Thinking through his chances
In the Nation, I wrote about the sexual assault allegation against Eric Adams, and why it hasn’t gotten much attention.
Andrew Cuomo is back. He is either as back as he’s ever going to be or ramping up for a return to glory that will, he hopes, entirely rewrite his obituary. Cuomo’s allies are floating his candidacy for mayor of New York City and he’s happily playing along. He might have a podcast few listen to, but he’s offered a microphone through Fox 5 and other friendly outlets. He recently published an opinion piece in the Wall Street Journal. His comeback pitch has logic to it: the city has been mismanaged and someone (me, Andrew M. Cuomo) can do it better. He says he will not run against the shambolic Mayor Eric Adams. He seems to be banking on Adams getting indicted and then resigning, triggering a rarely seen special election for mayor. Into that void he would go, besting a packed field of candidates. A poll from Slingshot Strategies found him beating out Jumaane Williams, the public advocate, and a host of other candidates in the ranked-choice voting election.
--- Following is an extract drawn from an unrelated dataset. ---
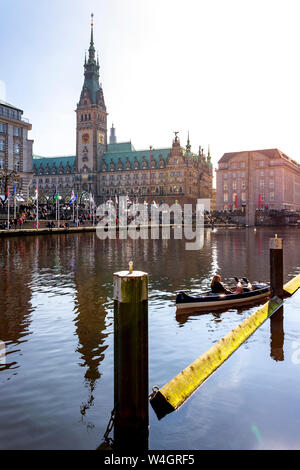 Vue de l'hôtel de ville, Hambourg, Allemagne Banque D'Images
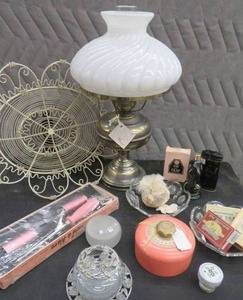 ELECTRIC OIL LAMP, AVON, WIRE BASKET PLUS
Is this it? Will Adams fall and will it be Cuomo to take his place? The progressive left shudders. I have my own opinions about Cuomo—I wrote a whole book about him—and I am not convinced he would make a very good mayor of New York. He does have technocratic bona fides, as someone who served as governor for nearly 11 years before resigning in disgrace, and that would be appealing to the large number of New Yorkers who just want to see the city managed well again. Adams has no new initiatives of note and budgets terribly. He is simultaneously alienating business-friendly moderates and progressives worried about deep cuts to social services. He is, according to one poll at least, the most unpopular mayor in modern times.
There are reasons to believe Cuomo can actually run for mayor and win. And there are plenty of reasons—glaring ones—to suspect Cuomo, once push comes to shove, either won’t run at all or will fail if he attempts another electoral campaign.